▶ Problem requirements:
What you write should be an exact repeat of the lines from the one with "Why does the value of currency change?" through the final line below, minus the pictures.

┌─ Information given

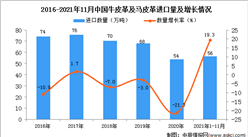 2021年1-11月中国牛皮革及马皮革进口数据统计分析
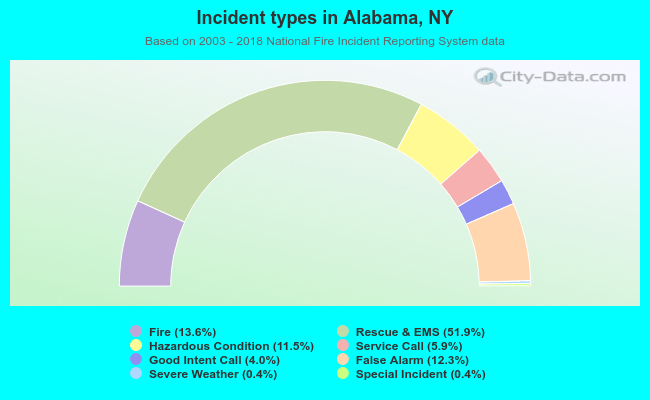 Incident types in Alabama, NY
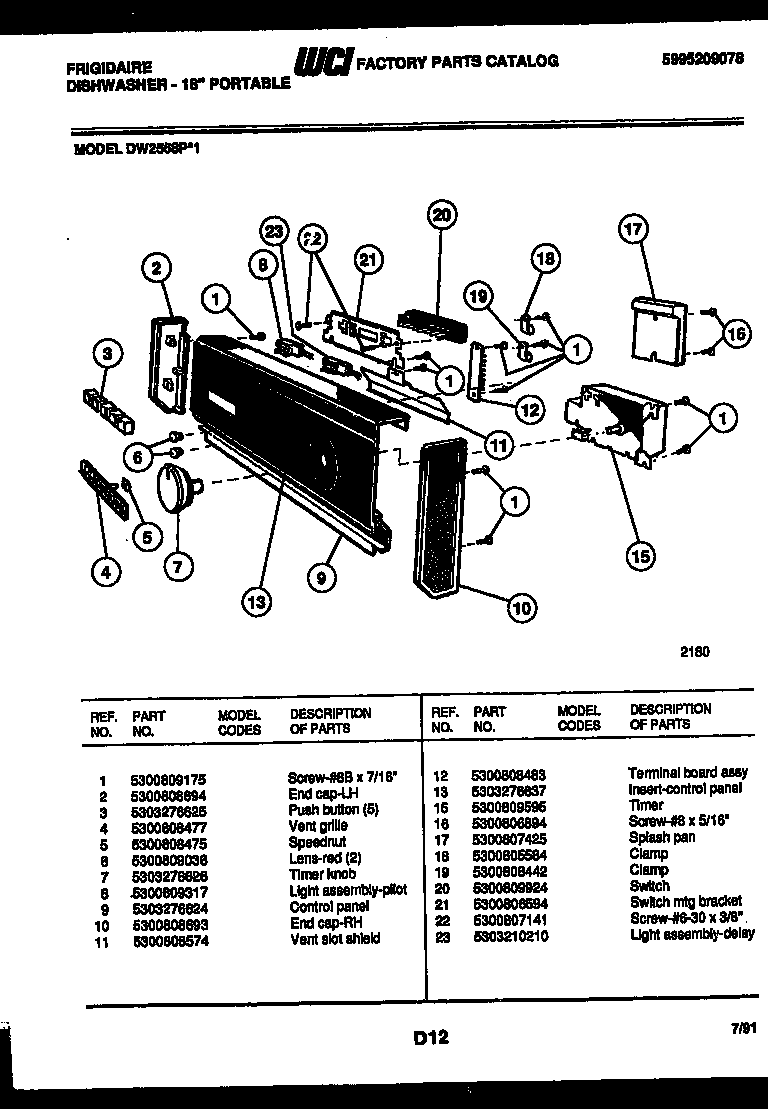 Console and control parts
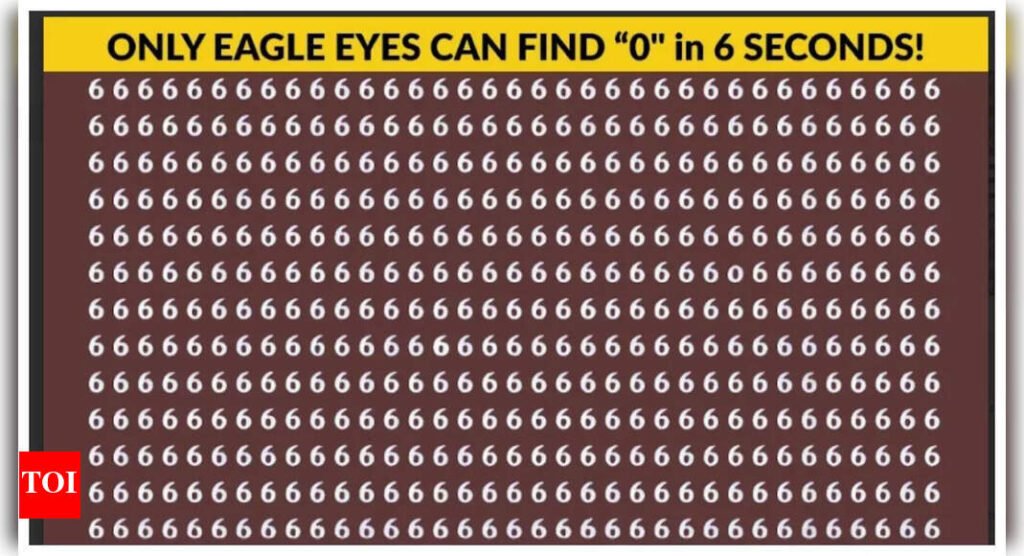 Optical illusion: Think you’ve got ‘Eagle Eyes’? Prove it by spotting the hidden ‘0’! |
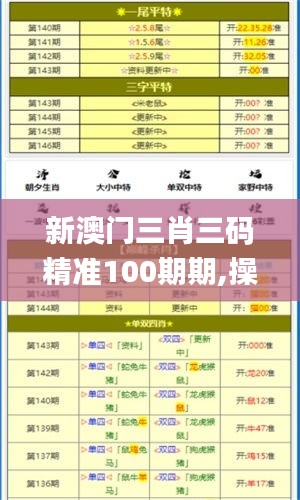新澳門三肖三碼精準100期期,操作實踐評估_家居版ORJ33.550
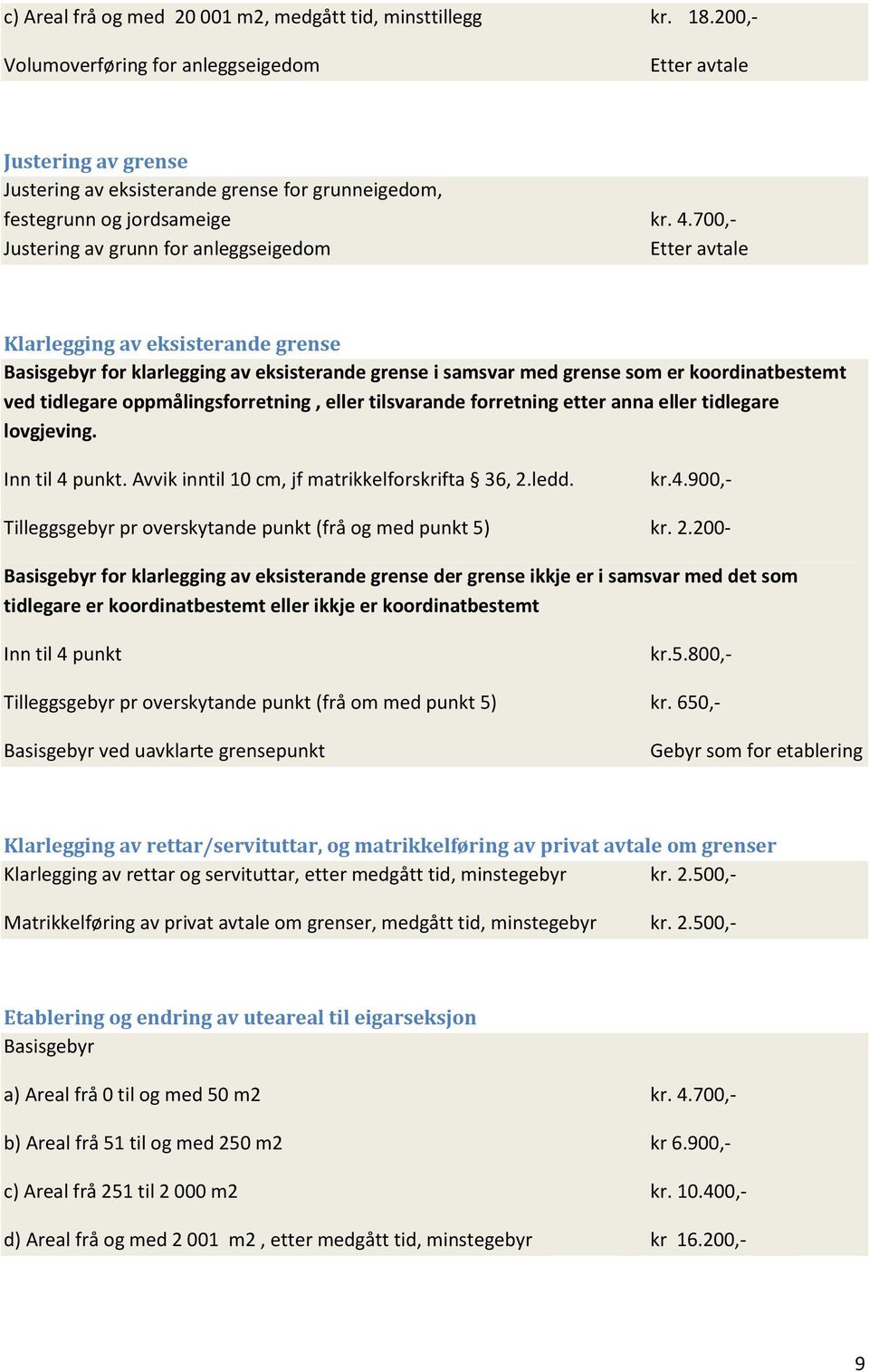 700,- Justering av grunn for anleggseigedom Etter avtale Klarlegging av eksisterande grense Basisgebyr for klarlegging av eksisterande grense i samsvar med grense som er koordinatbestemt ved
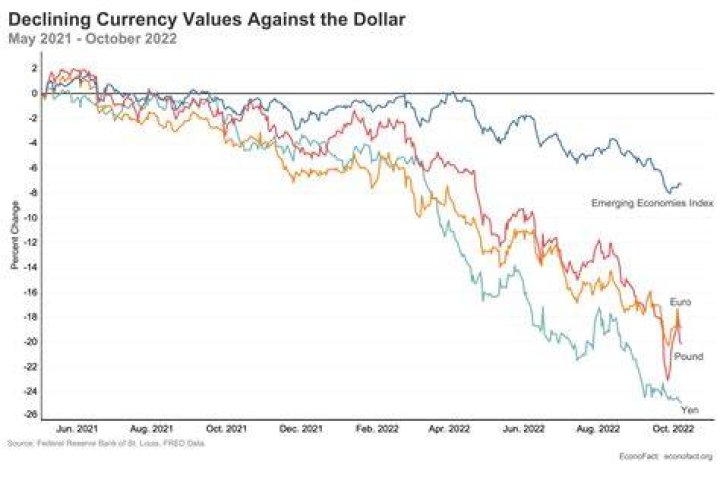 Why does the value of currency change?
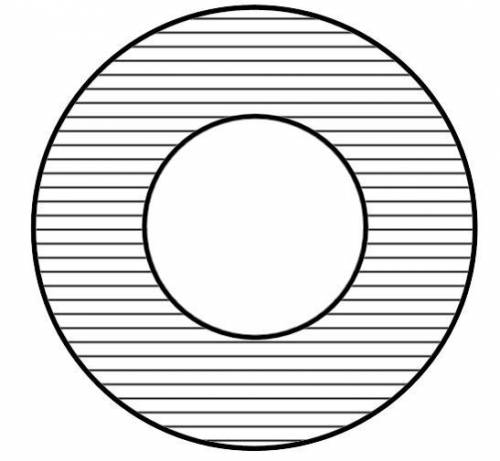 The radius of the inside circle is 8 inches. The radius of the larger circle is 4 inches more than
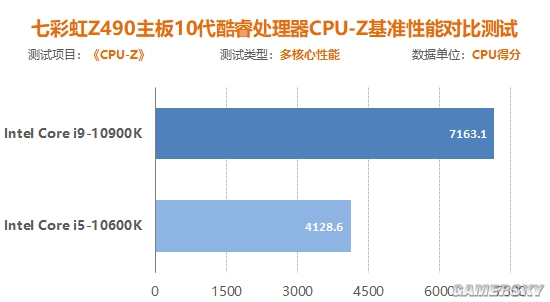 酷睿i5-13600，性能猛如虎，智能优化更贴心  第2张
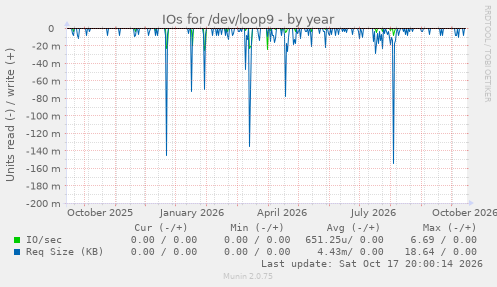 IOs for /dev/loop9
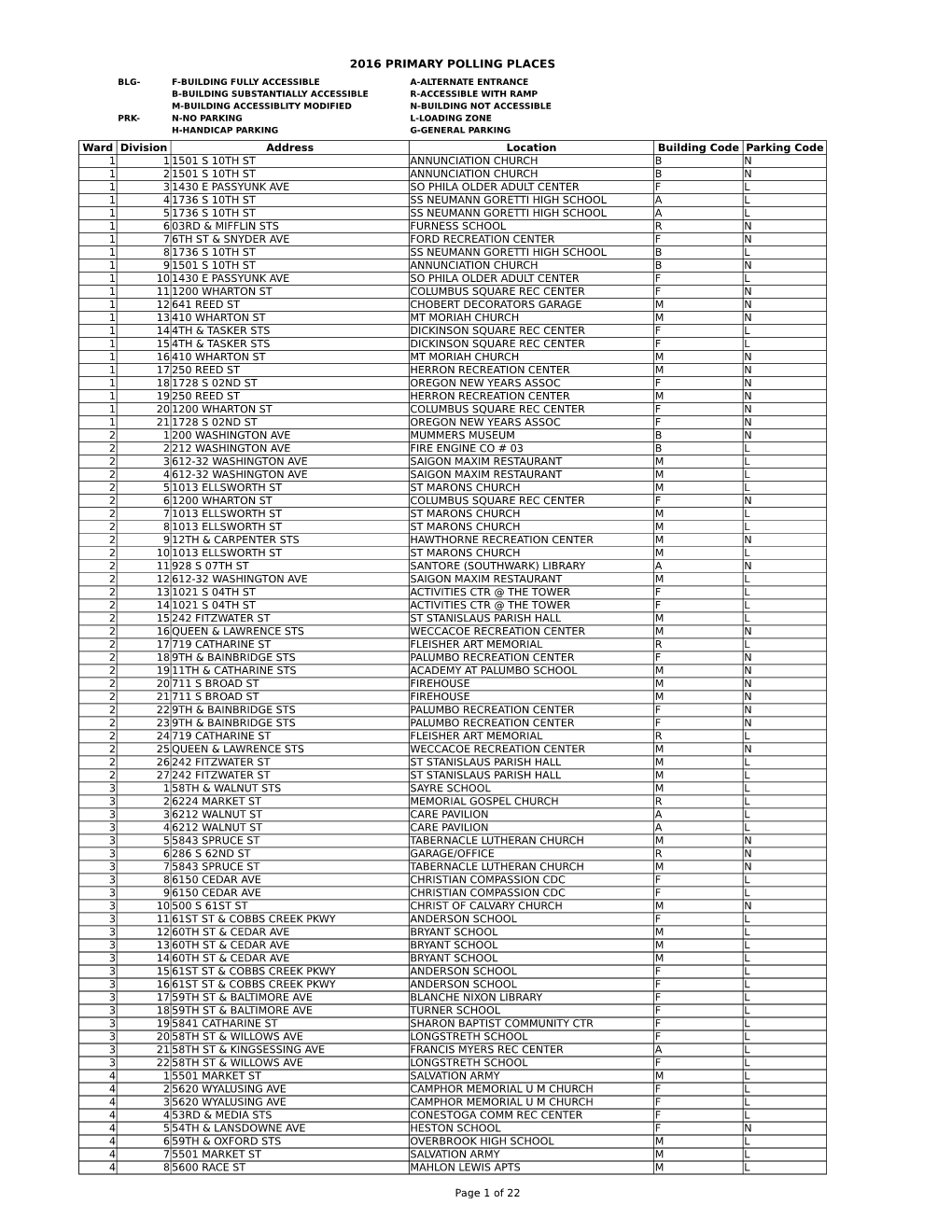 Of 22 2016 PRIMARY POLLING PLACES Ward Division Address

└─

▶ Solution:
 Why does the value of currency change?
 The radius of the inside circle is 8 inches. The radius of the larger circle is 4 inches more than
 酷睿i5-13600，性能猛如虎，智能优化更贴心  第2张
 IOs for /dev/loop9
 Of 22 2016 PRIMARY POLLING PLACES Ward Division Address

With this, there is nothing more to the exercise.